That’s a hard question to answer, because I feel like so much of what I do is insanely surreal, and there are times when I have to step back and go, “Wait, I get to hang out with Amy Poehler all day?” Or like, “I see Rob Lowe every single day of my life? That’s insane.” Or just, I don’t know, I’m fighting some sort of mutant fish on The Middleman. There’s really insane stuff that I’ve gotten to do. So I feel like there are too many to answer. It depends on the day. There are just so many crazy, interesting things I’ve gotten to do. I haven’t gotten to, I don’t know, present a Nobel Peace Prize. But it’s never too late. We’ll see.
AVC: I would think it would be a little weird to hang out with Rob Lowe and Fred Savage all the time.
NM: It’s great. It’s super-fun and then it becomes an everyday work thing, and then for a second you sort of zone out and go, “Wait, what? This is my life?”
AVC: You knew who they were when you were a kid, and then you’re just part of the gang.
NM: Exactly. It’s very strange.
9. What embarrassing phase did you go through?
NM: Oh, boy.
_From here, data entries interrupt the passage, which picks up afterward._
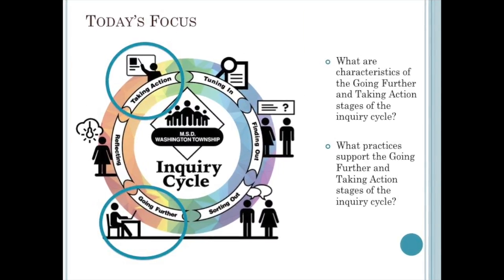Today we will focus on two more stages of the inquiry cycle that are important in constructing deeper understandings and determining next steps for learning. First, we will explore the going further stage, and then we will explore the taking action stage. The guiding questions for our work today focus on identifying the characteristics of each stage and trying out some practices that support them.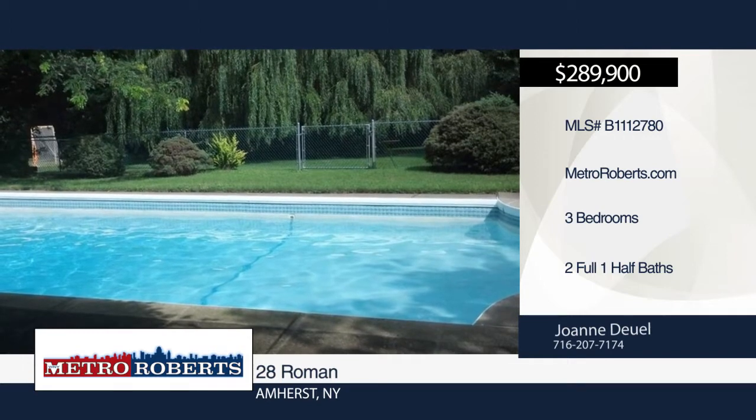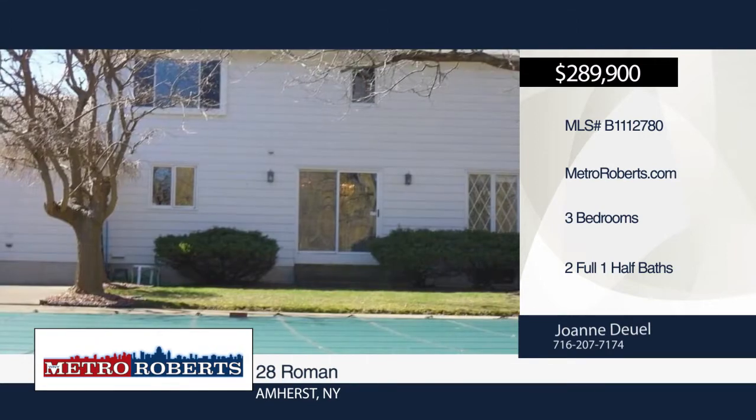This home is perfect for large gatherings and entertaining. Make it yours with a call to Joanne Deuel.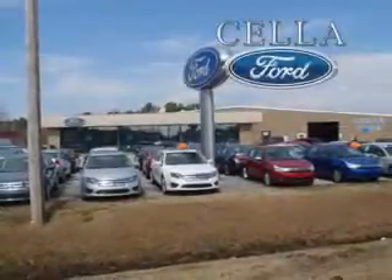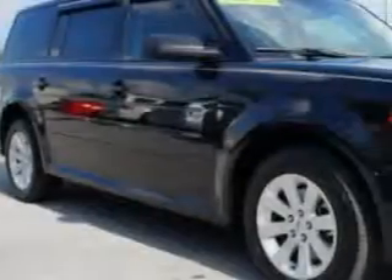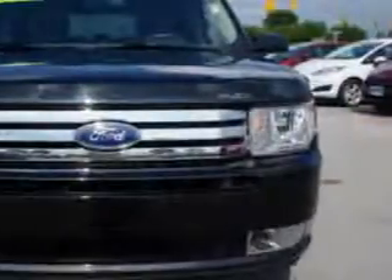Sella Ford, creating customers for life. Check out this 2011 Ford Flex crossover, with a 6-cylinder engine and an automatic transmission.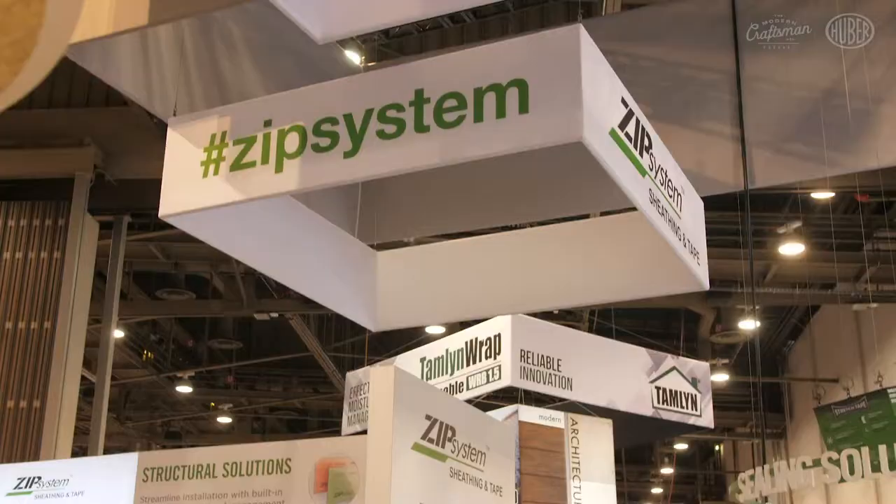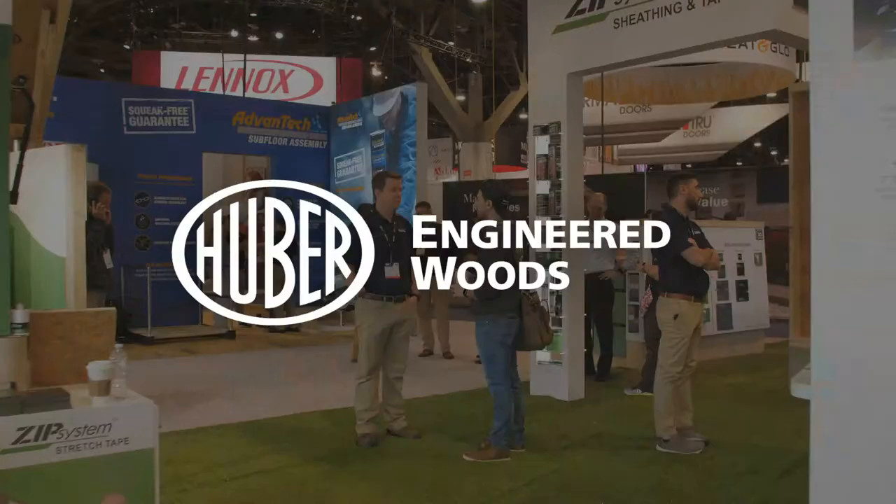This is the Modern Craftsman Podcast. We are at IBS 2019 at the Huber booth. This episode is sponsored by Huber. We are sitting here with Yudet Kirpan with Dakota Homes and Matt Minshew with Huber Engineered Woods out of Charlotte, North Carolina.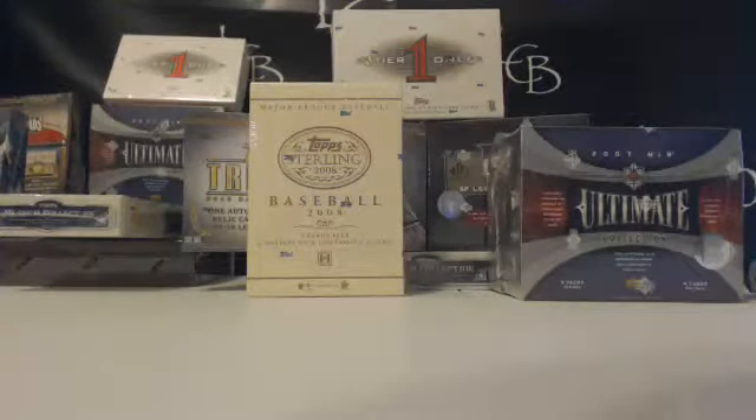What's up everybody? This is Tim from LiveCasePick.com. We are here with baseball six box. This is mid and high end baseball six box break number 51.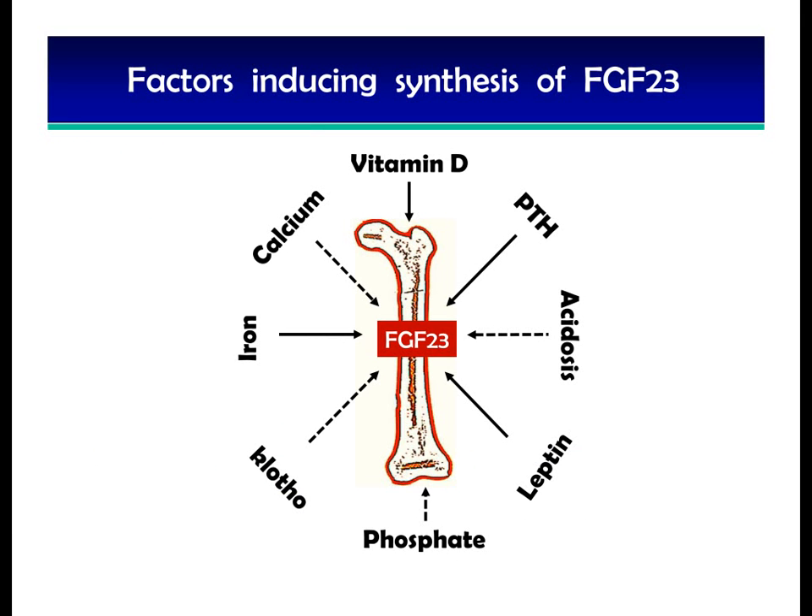So what are the factors that can induce synthesis of FGF23? Calcium, phosphate, vitamin D, and PTH can all directly or indirectly induce synthesis of FGF23 in the bone. There are also other factors like iron, acidosis, klotho, and leptin that can also induce synthesis of FGF23.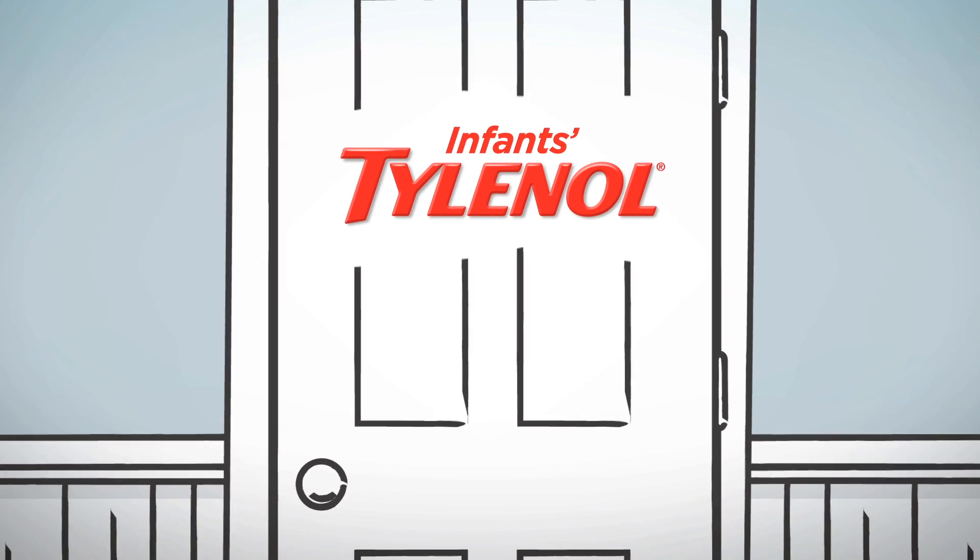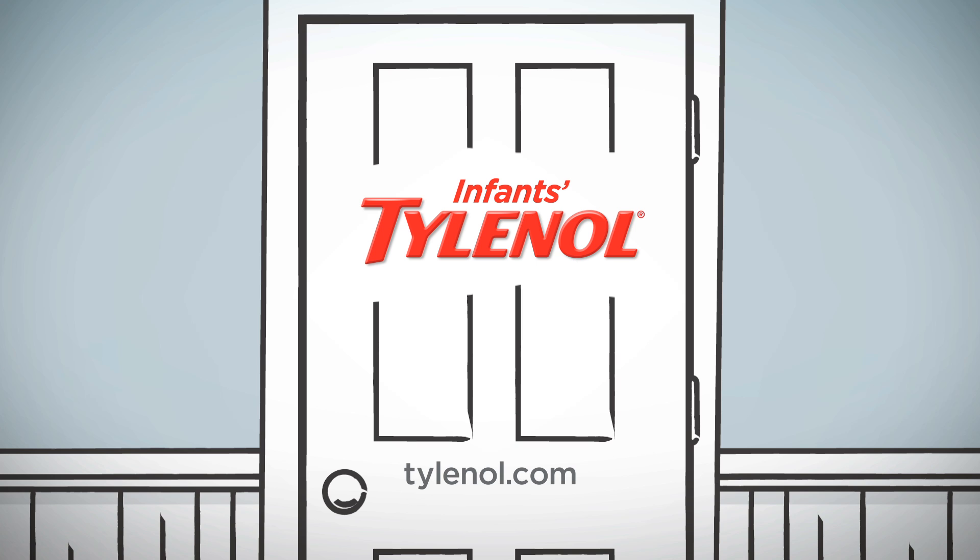This new concentration and dosing device is part of our effort to help ensure that your child always gets the correct amount of medicine. If you have any additional questions about this change in infants' dosing, talk to your doctor, pharmacist, or other health care provider, or visit us at tylenol.com.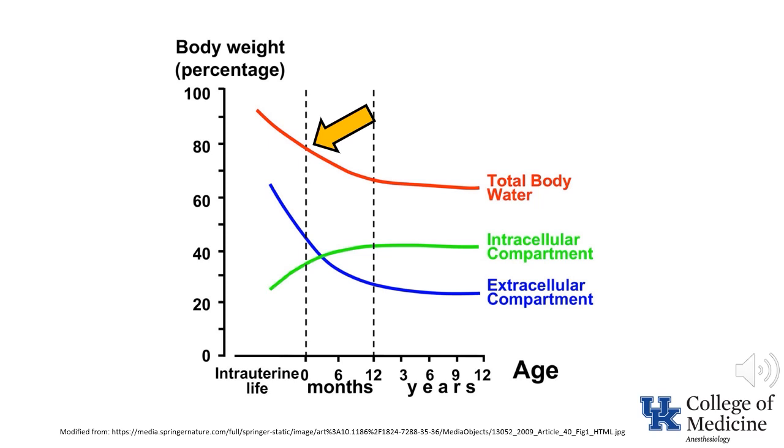Also note that the extracellular fluid volume exceeds the intracellular volume in neonates. Although not illustrated in this slide, the volume of cerebrospinal fluid is also increased in neonates, resulting in the need for an increased dose, in terms of milligrams per kilogram, for local anesthetics administered into the subarachnoid space.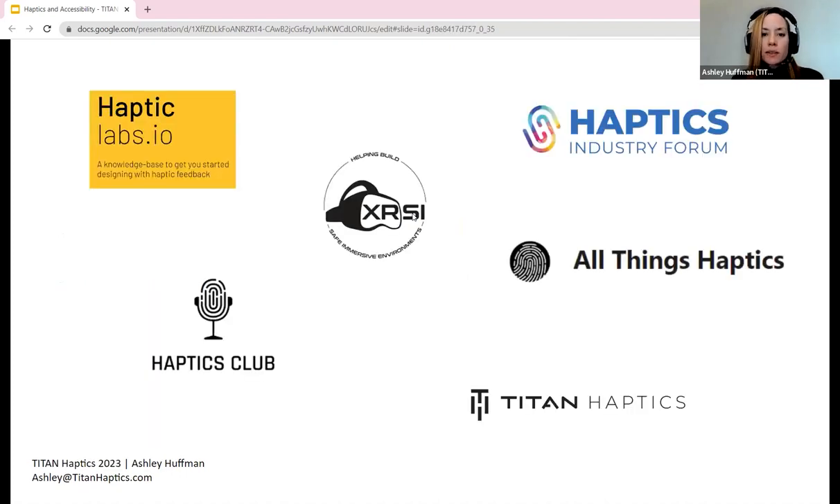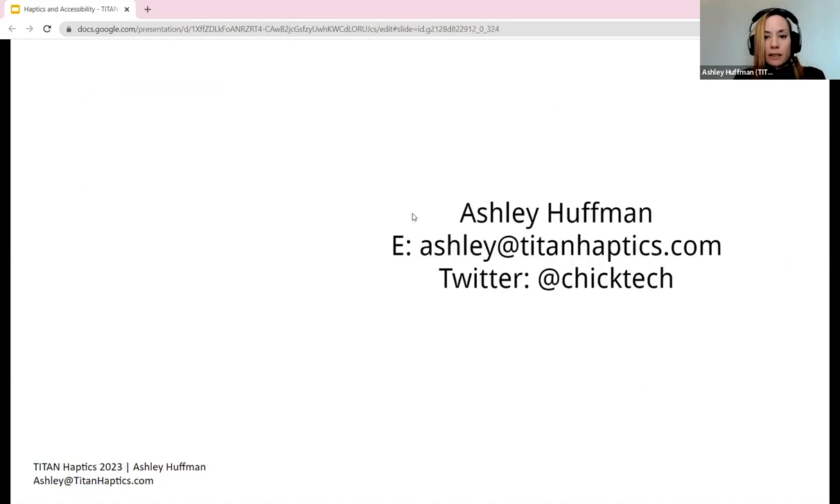Key takeaways: haptics in consumer XR is gaining traction, but accessibility is still a problem in haptics overall. Haptics is hard to integrate and develop — it's a big ecosystem with legacy technology limitations. Resources include Haptic Labs for haptic design, the All Things Haptics newsletter, the Haptics Club podcast, and Titan itself — as a company that creates motor technology, it's in their best interest to help create groundbreaking experiences. If you're curious about haptics, reach out.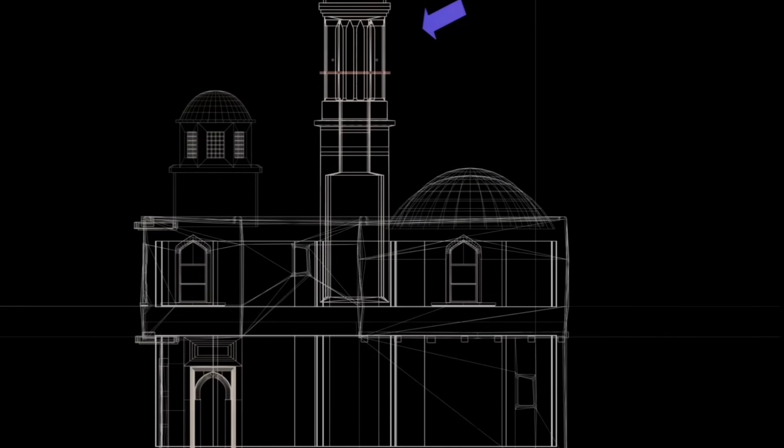The Bagheer literally translates as Wind Catcher. It's a traditional structure used for passive air conditioning of buildings, working by creating cross ventilation and passive cooling. Wind catchers come in various designs, depending on local prevailing winds.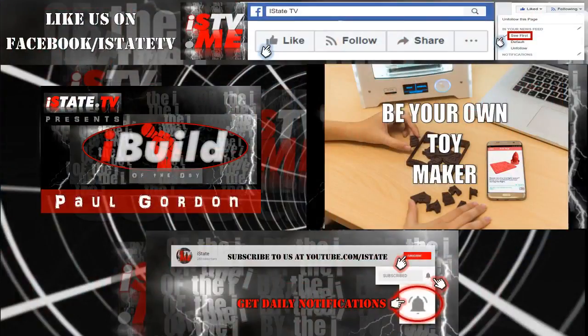My name is Paul Gordon and this has been your iBuild daily report from istate.tv. Be sure you like our Facebook page at facebook.com/istatetv and select 'See First' in your news feed under the Follow tab. If you're watching on YouTube, subscribe at youtube.com/istate and hit that big red subscribe button — and be sure to hit the bell right next to it to get daily notifications when we post new videos.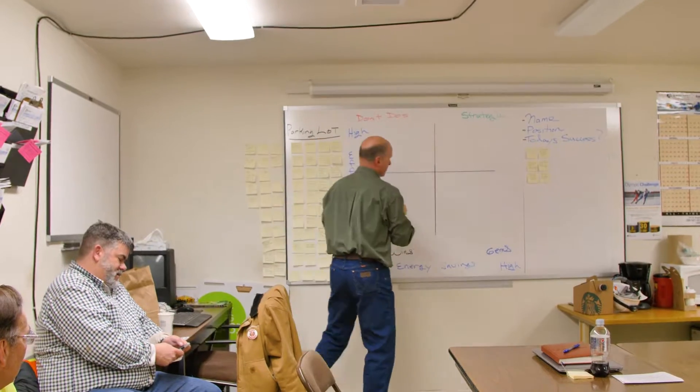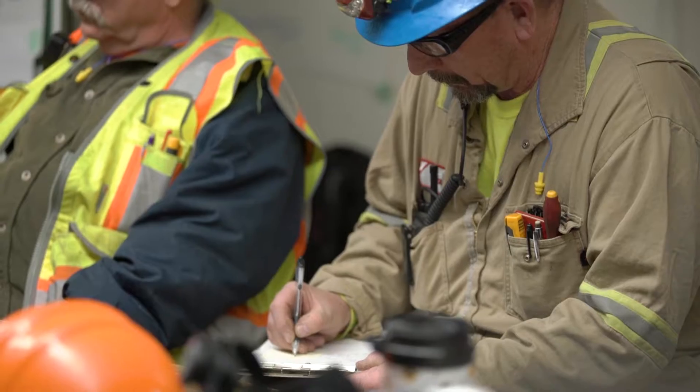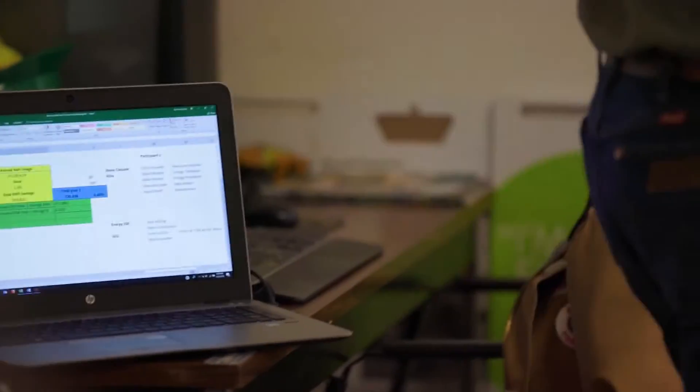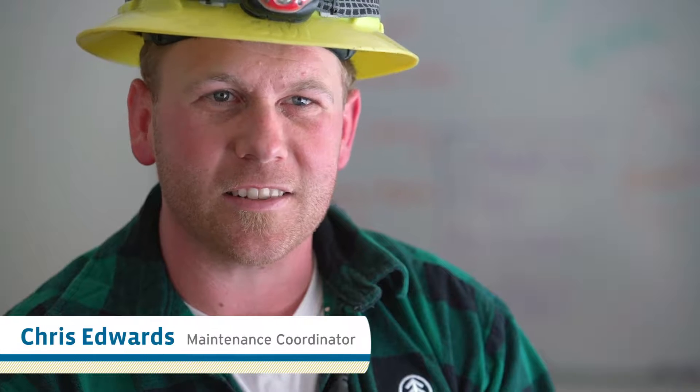We're going to take our ideas, put them on the post-its, and put them into this matrix. There are opportunities out there — undiscovered opportunities. That's the beauty of bringing in an outside party to help us see these things. The whole process is really good. It definitely opens your eyes, and every time we do a treasure hunt it seems like it's something new and exciting.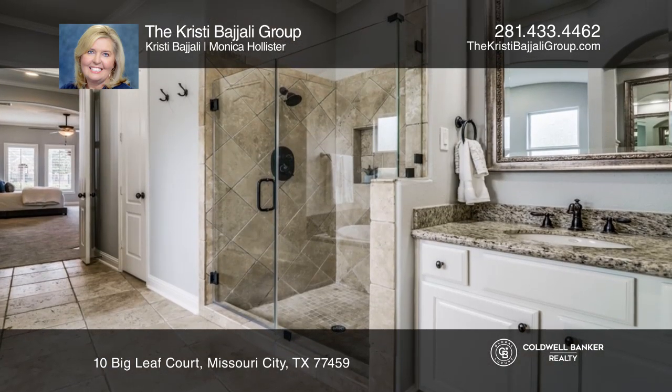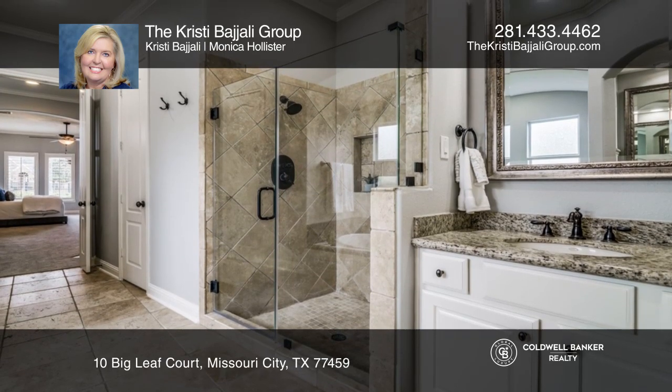The kitchen boasts an island and double ovens. The primary bedroom has a separate sitting area with a fireplace.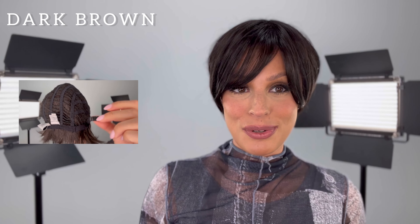Now this color is dark brown. It's almost black, but not quite there. Now the cap on this is a very comfortable cap. It's open wefts on the sides and back so you can tighten it up to a half inch with the Velcro straps.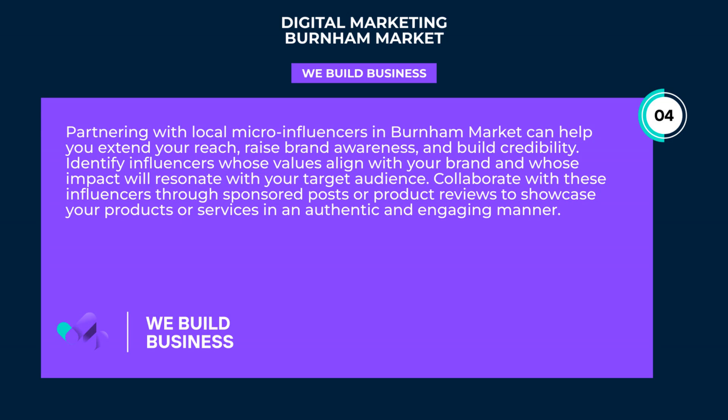Partnering with local micro-influencers in Burnham Market can help you extend your reach, raise brand awareness, and build credibility. Identify influencers whose values align with your brand and whose impact will resonate with your target audience. Collaborate with these influencers through sponsored posts or product reviews to showcase your products or services in an authentic and engaging manner.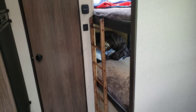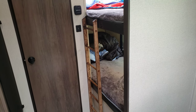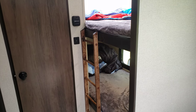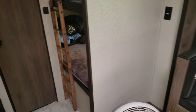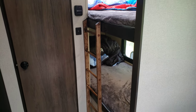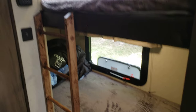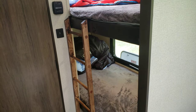We purchased this Primetime Adventure 17BHS because the kids needed the bunk to sleep, so we didn't have to tear the dinette down every day to let them sleep. When we found this one, they both liked it — it has the light down there and the skylight up there.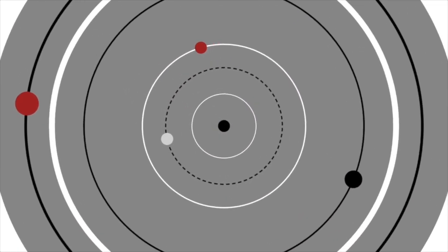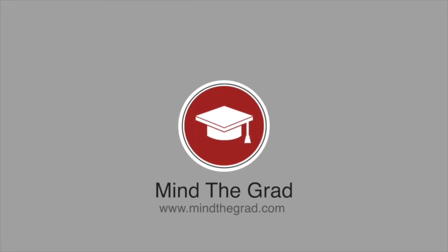Hi guys! Today I have a different video for you. I'm going to tell my personal story of how I got a graduate job in the UK as an international student. For those who don't know me, I'm Valeria and this is Mind the Grad. On this YouTube channel I share tips and advice on studying and working in the UK. I work as an independent consultant for international students and I help them secure their first jobs in the UK.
A lot. I legit did the ’90s baby T-shirt and JNCO jeans look, like gigantic JNCO jeans, Baby-G watch, puka-shell choker necklace thing. That was a thing I did.
I have this picture of me wearing this tiny little Sailor Moon T-shirt and big JNCO pants. And I think I had braces. And I thought that was like the coolest possible outfit.
AVC: Do you know how big the JNCOs were?
NM: God, I wish. It was not the size of the waist but the size of the width of the cuff, which is insane. I don’t remember how big they were. They weren’t like the absurdly big ones but they were very big. I remember my grandmother being like, “Why?”
AVC: You know you can still get those, but they’re really expensive on eBay.
NM: I think it’s gotten to the point in my life where I would probably wear those again now. I think it’s cool again now. Maybe.
AVC: My brother and I always wonder how much money it would take for one of us to wear them, say, backstage at a music festival and just pretend like it was no big deal. A lot, probably.
NM: It would not take a lot for me to do that. I would one-hundred percent do that for free.
AVC: We also talk about those wide-wale corduroys where people would cut them and put patches down the side.
NM: Yeah. I never did that, but oof.
No, I had JNCOs for sure. And Airwalks.
10. Have you ever stolen anything and if so, what?
NM: No. Well, I guess technically yes. I’ve walked out of stores a few times with things that I’m holding, and then I run back and return them and the person behind the counter is always like, “Why? You could’ve just left.” It’ll be a hair thing or something small that I absentmindedly had in my hand.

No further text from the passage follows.